Re: Merging combining classes, was: New contribution N2676

From: Peter Kirk (
Date: Tue Oct 28 2003 - 11:09:56 CST

On 28/10/2003 04:49, Kent Karlsson wrote:

>Philippe Verdy wrote:
>>There's a counter example with the position of the circumflex on the
>>lowercase t (I can't remember for which language it occurs,
>>sorry), which is
>>in some cases not the one that its combining class would
>>normally take.
>There are also the cases of comma below a small g (Lithuanian),
>which is rendered turned above the g, and of ring below g (IPA)
>that should be rendered above the g... Neither of these invalidate,
>or puts to question, the combining classes of comma below (and
>cedilla...) or ring below, as far as I can see.
Also, in the commonly used Hebrew *transliteration*, the same function
(fricative pronunciation) is indicated by a macron above g and p but
below b, d, k and t, for the same reason. It occurs only with these
letters (sometimes also written below h). There might be an argument for
using instead of g and p plus combining macron g and p plus combining
line below - especially as if these were ever capitalised the line would
probably be moved below. But there would need to be a clear rule that
such combining marks are moved from below to above g and p.

>So far, it has been noticed that some Hebrew and Arabic marks,
>mostly the vowel marks, ...
For Hebrew also dagesh, rafe, sin and shin dots, and meteg; and for
Arabic, shadda. Basically anything with "unique" combining classes, a
concept which seems to have been removed from the text, but not removed
from the database as it should have been.

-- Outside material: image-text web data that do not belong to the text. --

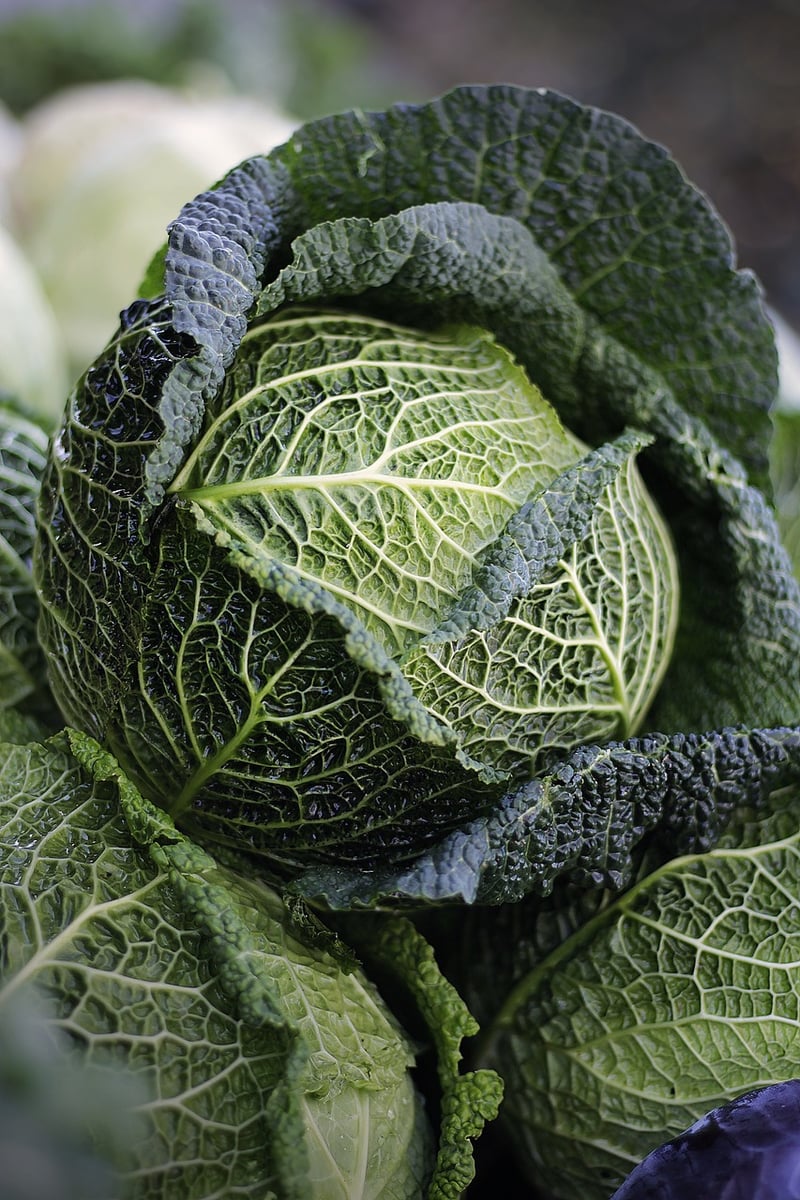Vegetables for Beginners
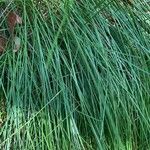 Festuca heterophylla Hoja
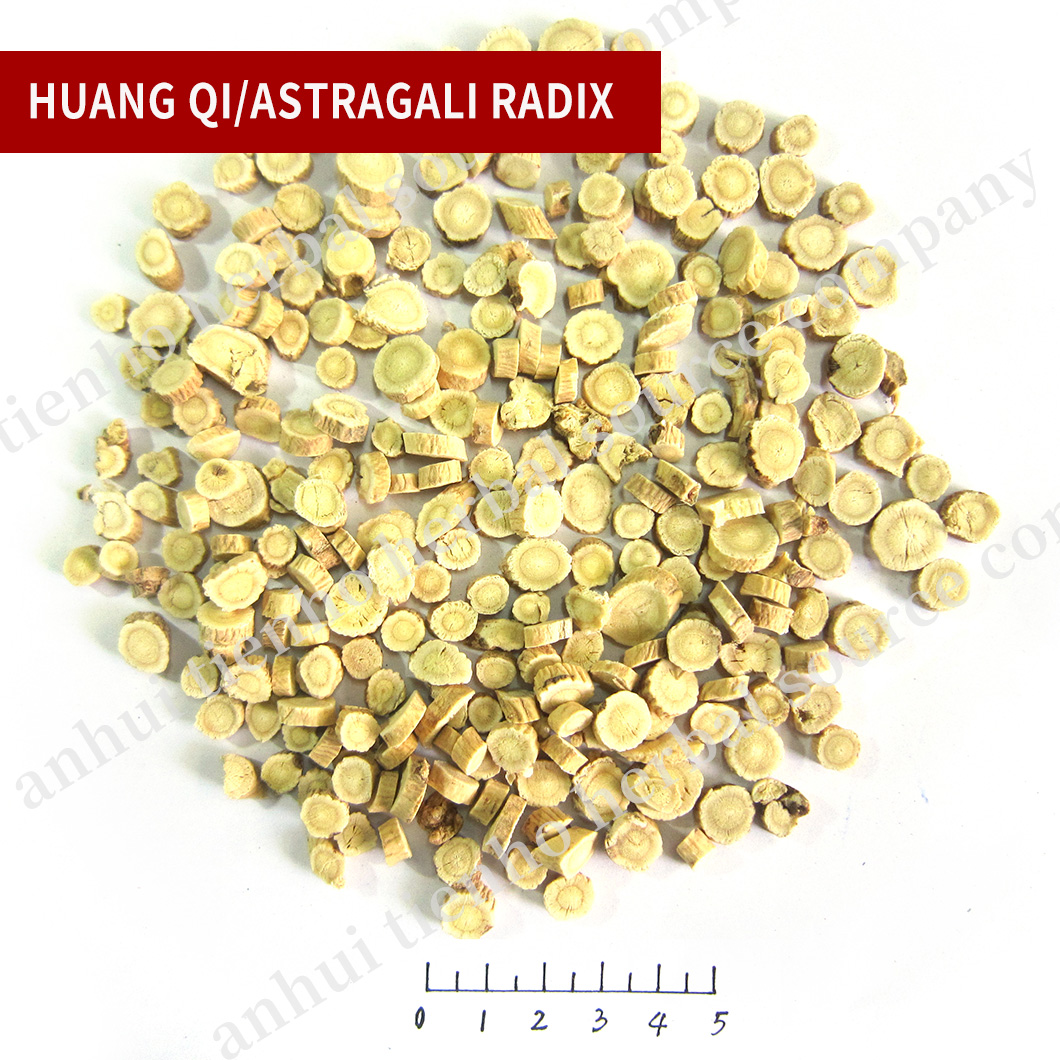 Astragalus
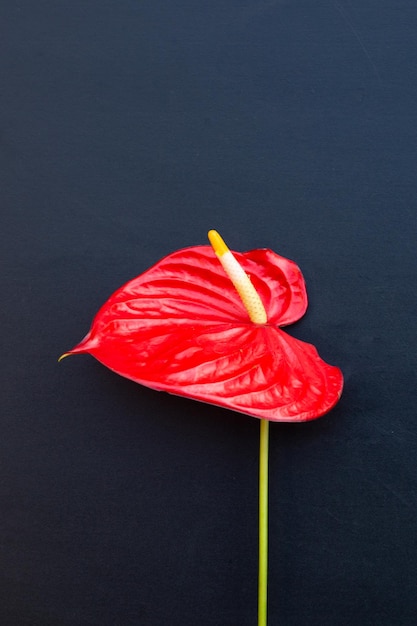 Flamingo flower or pigtail anthurium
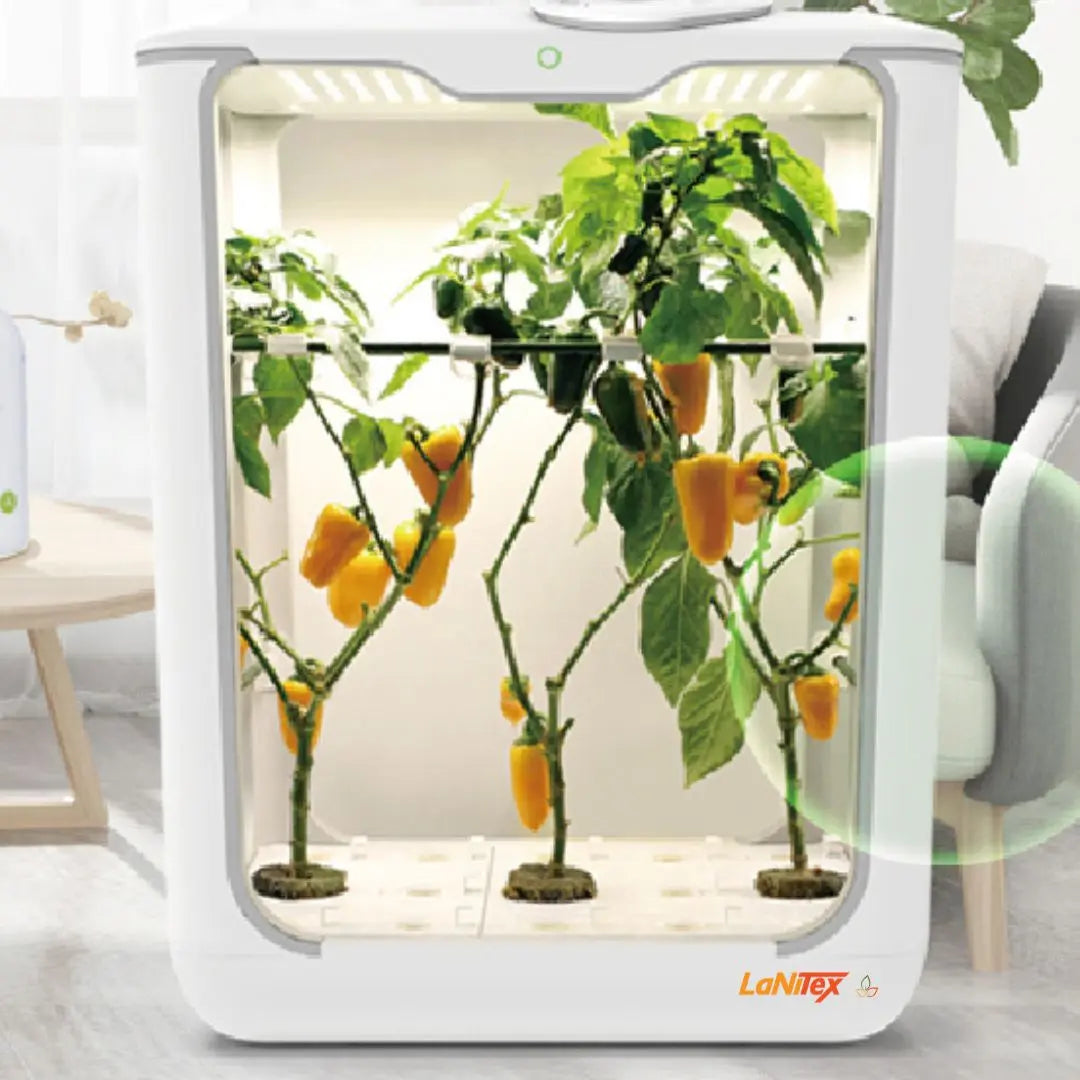 Grow Box Tall hydroponic system growing capsicum and peppers indoors under LED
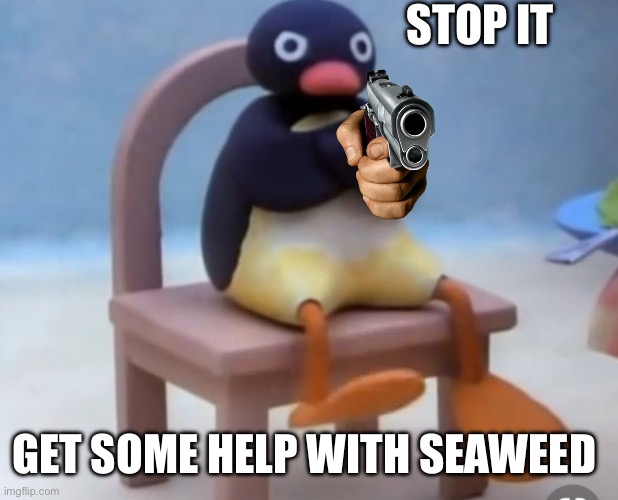 Angry pingu | STOP IT; GET SOME HELP WITH SEAWEED | image tagged in angry pingu,memes,pingu | made w/ Imgflip meme maker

>... have inappropriate combining classes.
>The solution suggested by the UTC is to use CGJ. But it also has
>to be simple and practicable. Putting a CGJ after each occurrence
>of the characters with badly assigned combining class effectively
>gives them a combining class of 0. Perhaps not ideal, and indeed
>a kludge. But simple and practical. A keyboard layout, for instance,
>can just generate a CGJ after each troublesome Arabic and Hebrew
>mark. With current keyboard layout specification mechanisms,
>that's about the best that can be done on the keyboard side of it.
That depends on the mechanism. With a mechanism such as Keyman from, it is possible to define that, for example, key A
generates <CGJ, patah> if the previous key press generated a dagesh or
sin or shin dot, but just patah if the previous key press generated just
a base character. Such a mechanism can stop superfluous CGJ's being
generated in continuously typed text, but it cannot cope properly with
editing as it does not have access to the environment of text already
entered, only to what the keyboard has previously generated. More
comprehensive mechanisms can be defined but they require the keyboard to
have access to the backing store.

>Removing superfluous CGJs should be done by a separate utility.
>Trying to build that into normalisation is probably not such a good
Understood. Could it perhaps be defined in Unicode as an additional
pre-normalisation step which is recommended but not required?

It would of course be trivial to specify that CGJ or CCO is ignored in
collation. In fact I think CGJ already is. This implies that superfluous
CGJs do not affect searching, sorting and spell checking. As long as
fonts also ignore them (except in special show all characters modes),
the main detrimental effect will be to waste a lot of storage space.

>Defining new characters to replace the troublesome ones, a more
>elegant solution, has been rejected by the UTC. On compatibility
>grounds, IIRC.
> /kent k
Was this actually considered and rejected by the UTC? I understood that
the proposal, for Hebrew
had simply not been proceeded with, on the basis of widespread
opposition expressed on this list and the general acceptance (including
by the UTC, items
96-C20 and 96-A72) of the CGJ alternative. I am not trying to resurrect
the proposal which I oppose, but there are people who are still
concerned that it might reappear, and be pushed through the UTC by the
consortium members who support it, without adequate reference back to
the objectors who are not represented on the UTC. So it would be good
news if the UTC had actually rejected it.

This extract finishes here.